I’m currently in the midst of prepping RAVEN CALLS, the seventh book in the Walker Series. I adore it. It’s not fair or nice to play favorites, but… this is one of my favorites. The whole series has been an absolute gift to me. But this one has had me laughing even more (if possible!) and has made my imagination and my heart dance around with joy.

I’ve had three series I’ve done that have meant a great deal to me, and I’ve made contact with all of the authors. In the midst of one, I had lunch with the author at a pivotal moment: I had been through a really rough time in life, and wanted to thank her for her work. In that dark stretch, I got to spend days in a booth with her characters, and it brought me such comfort. To my great surprise, she confessed that she had written the first book of the series while going through a divorce… that she had written the characters to bring HER comfort!!! It was amazing to know that a book she had written to bring happiness into her life affected me in the same way, and I hoped it was the same salve to many other women who listened to it. I feel the same with Joanne Walker… she’s the inner shaman/ goof/ klutz/ kick ass chick who I wish I were on the inside, and her antics can always make me laugh on a rainy day.
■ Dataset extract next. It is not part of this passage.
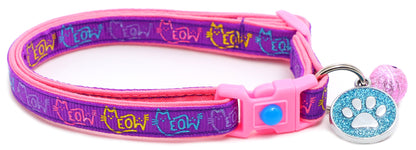 Colorful Meow Breakaway Cat Collar-14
I got into audiobooks through something of a fluke. The well-known reader Jonathan Davis has been a dear friend of mine since we did a play together, and he invited me to send an audition to a company he worked for. This company happened to have an opening—a reader with a similar voice had just left—and I was the lucky recipient of the best job I’d ever had. Here’s another way to tell the same story: I have the privilege of working a lot as an actress, but it wasn’t always that way. For a long time I waited tables and catered, and I had gotten to the point of no return. So I decided to have a frank conversation with God. “God,” I said, while wearing a tuxedo and serving canapés, “I can’t imagine this is my greatest good on this earth. If you want me to keep being an actress, you need to give me a way to live. If not, I’m throwing in the towel. You choose.” Shortly thereafter I got a call, and my life profoundly changed. Somewhere between God and Jonathan Davis was my salvation.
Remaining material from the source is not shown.